Boundless DAS#

This tutorial is adapated from pyvene, you can find their code here.

Read more about Boundless DAS from the original paper by Zhengxuan Wu et al. here.

Setup (Ignore)#

[2]:
import torch
from tqdm import tqdm, trange
from nnsight import LanguageModel
from pyvene import BoundlessRotatedSpaceIntervention
from sklearn.model_selection import train_test_split
from torch.utils.data import DataLoader
from datasets import Dataset as hf_Dataset
from transformers import get_linear_schedule_with_warmup
import gc

from tutorial_price_tagging_utils import factual_sampler, bound_alignment_sampler, lower_bound_alignment_example_sampler
[3]:
# Load model
device = torch.device("cuda" if torch.cuda.is_available() else "cpu")
model = LanguageModel('sharpbai/alpaca-7b-merged', device_map="cuda:0", torch_dtype=torch.bfloat16, dispatch=True)
remote = False
[4]:
def free_unused_cuda_memory():
    """Free unused cuda memory."""
    if torch.cuda.is_available():
        torch.cuda.empty_cache()
    else:
        raise RuntimeError("not using cuda")
    gc.collect()
[5]:
def calculate_loss(logits, labels, subspace_proj, mask_weight=1.5, vocab_size=32001):
    shift_logits = logits[..., :, :].contiguous()
    shift_labels = labels[..., :].contiguous()
    # Flatten the tokens
    loss_fct = torch.nn.CrossEntropyLoss()
    shift_logits = shift_logits.view(-1, vocab_size)
    shift_labels = shift_labels.view(-1)
    # Enable model parallelism
    shift_labels = shift_labels.to(shift_logits.device)
    loss = loss_fct(shift_logits, shift_labels)

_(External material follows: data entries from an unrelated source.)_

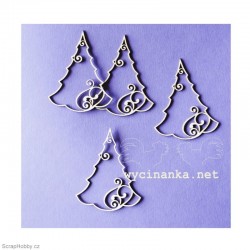 Stromečky s krucánky - 4ks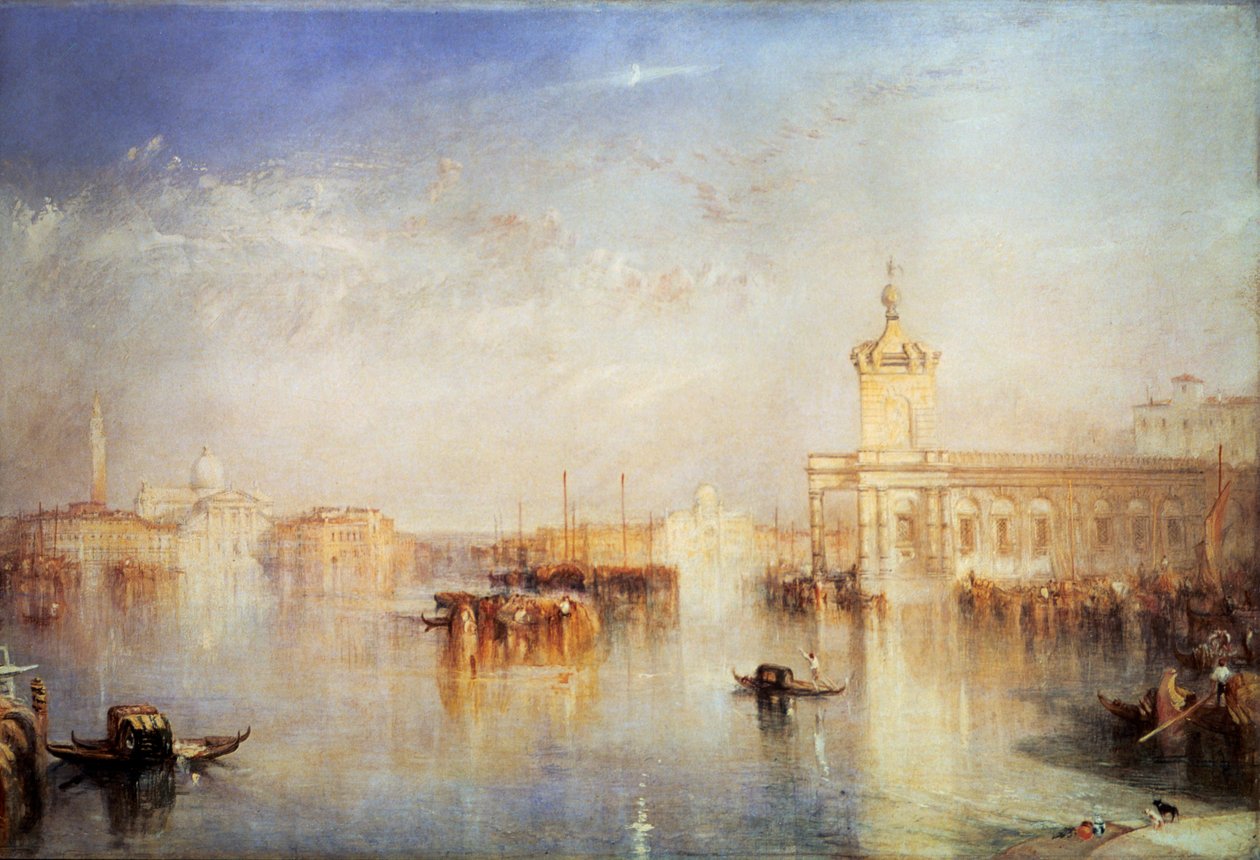 Dogana, San Giorgio, Citella, od schodů Evropy, Benátky, 1842. od Joseph Mallord William Turner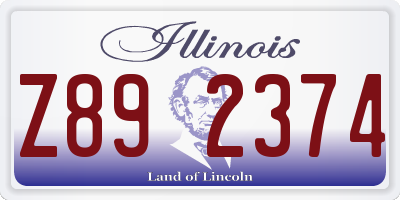 IL license plate Z892374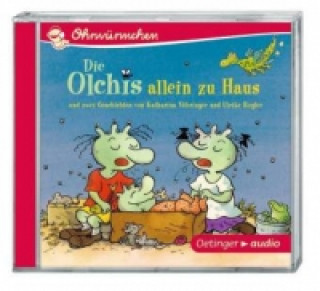 Audio Die Olchis allein zu Haus und zwei Geschichten von Katharina Vöhringer und Ulrike Rogler, 1 Audio-CD Erhard Dietl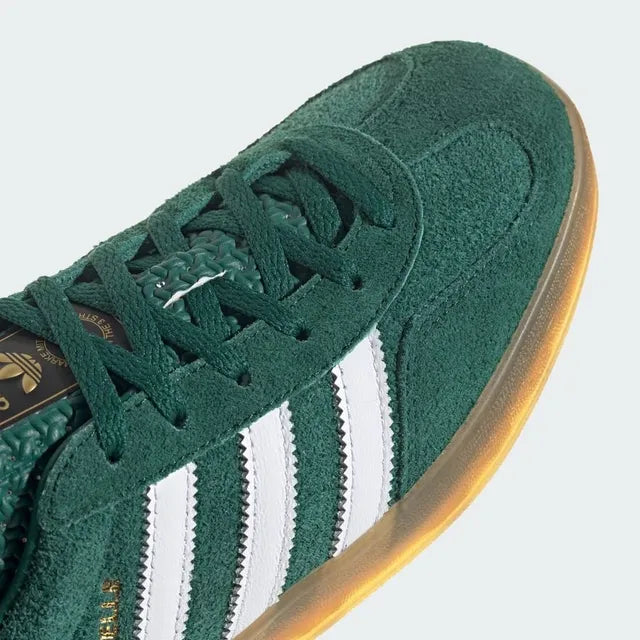 Adidas Gazelle Indoor
"Collegiate Green Lucid Pink"
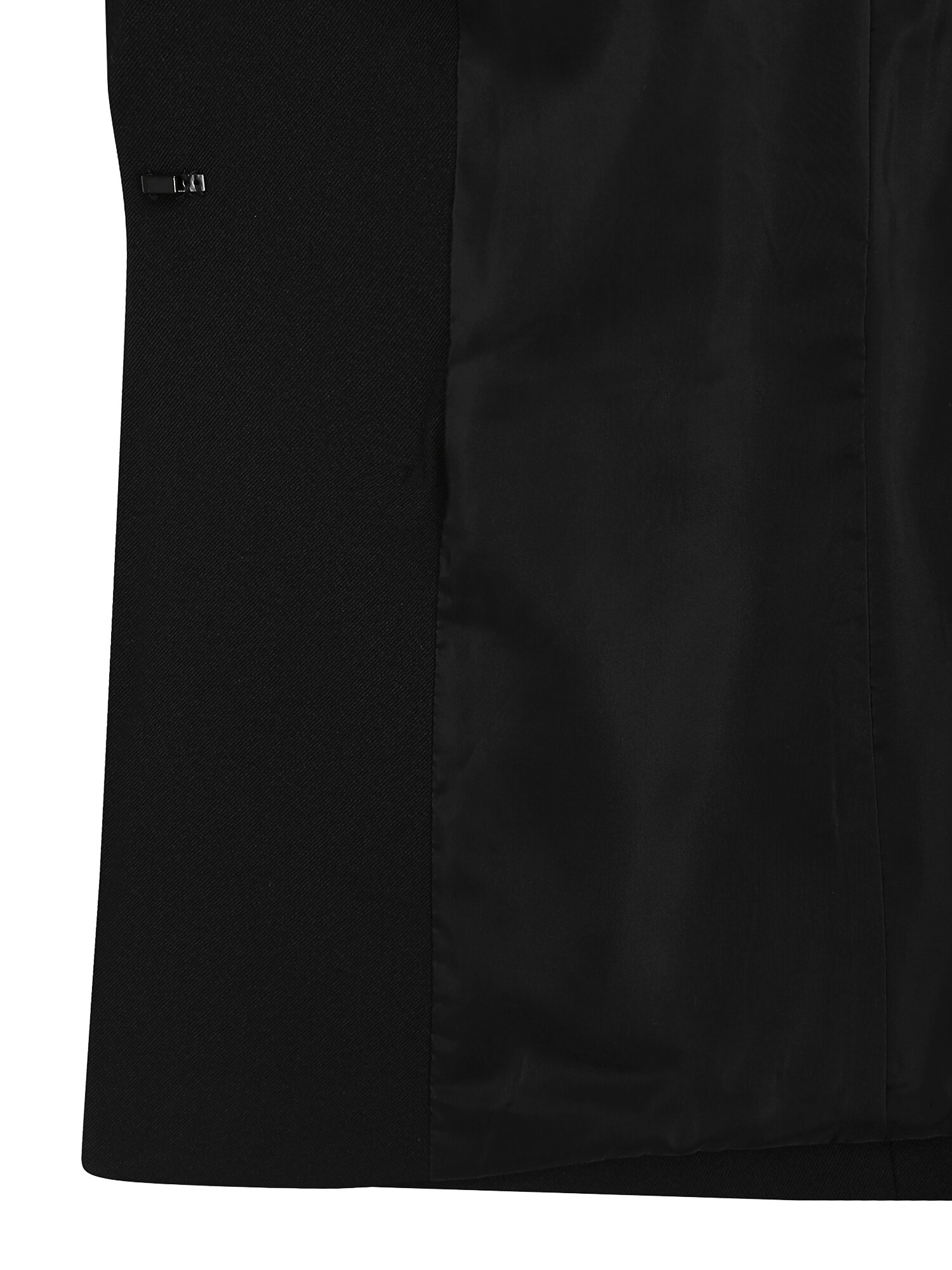 슬림핏 피크드 라펠 더블 재킷 (BLACK)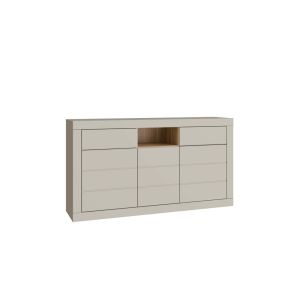 КОМОД ЛЕФКАДА  195,4/41,4/61,6 СМ В ДЪБ МАУВЕЛА И ТАУПЕ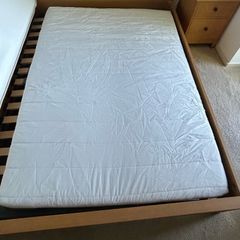 Ikea double bed foam mattress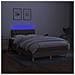 Letto a Molle con Materasso e LED Tortora 120x190 cm in Tessuto - Foto miniatura 5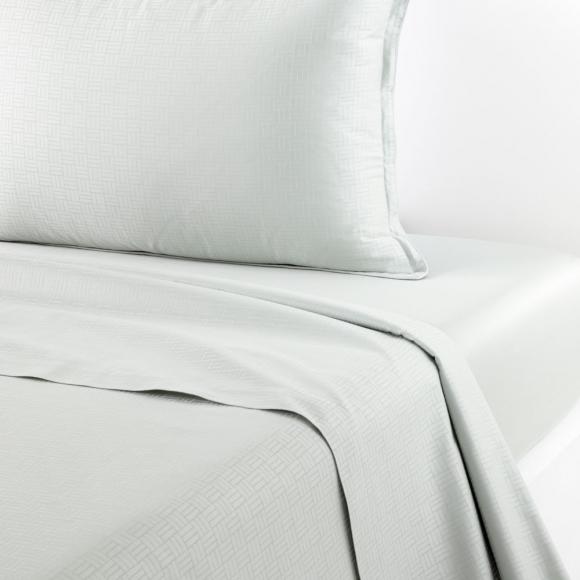 Boss Home Lattice Ice Blue Fitted Sheet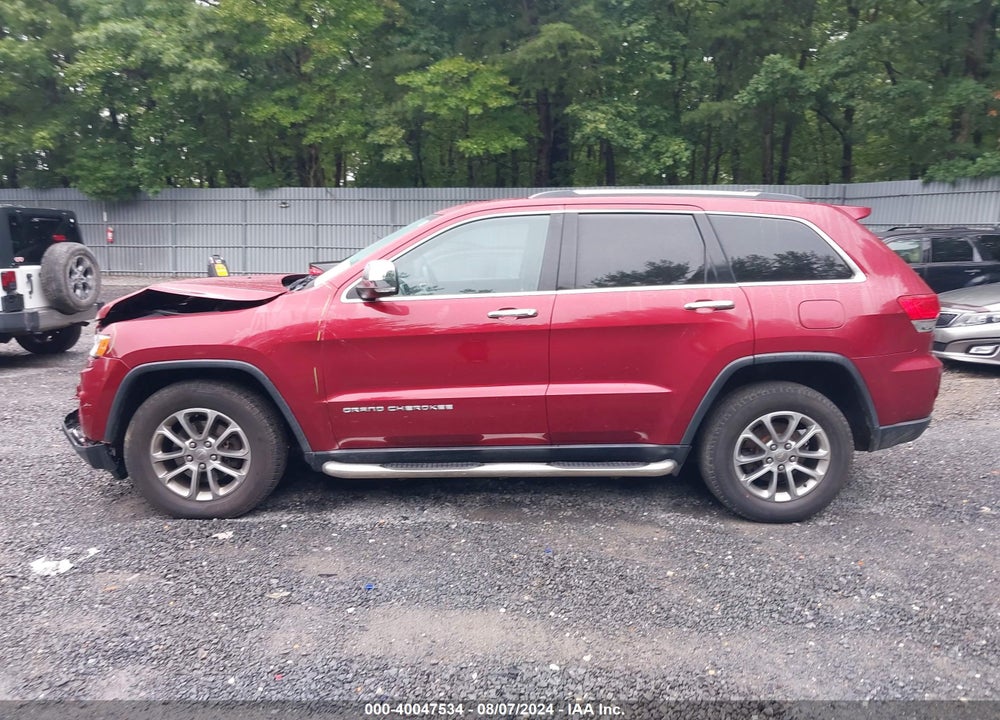 2015 JEEP GRAND CHEROKEE LIMITED VIN: 1C4RJFBG3FC661501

    boundary_loss = mask_weight * subspace_proj.intervention_boundaries.sum()
    loss += boundary_loss

    return loss
[6]:
def compute_metrics(eval_preds, eval_labels, generate_output=False):
    total_count = 0
    correct_count = 0

    if generate_output:
        outputs = []
        gts = []

    for eval_pred, eval_label in zip(eval_preds, eval_labels):

        for i in range(eval_label.shape[0]):
            label_idxs = eval_label[i].ne(-100).nonzero().squeeze(-1)

            actual_test_labels = eval_label[i][label_idxs].tolist()
            pred_test_labels = [eval_pred[i][idx].argmax(dim=-1).item() for idx in label_idxs]

            correct = actual_test_labels==pred_test_labels # uncomment it to evaluate all tokens

            if generate_output:
                outputs.append(pred_test_labels)
                gts.append(actual_test_labels)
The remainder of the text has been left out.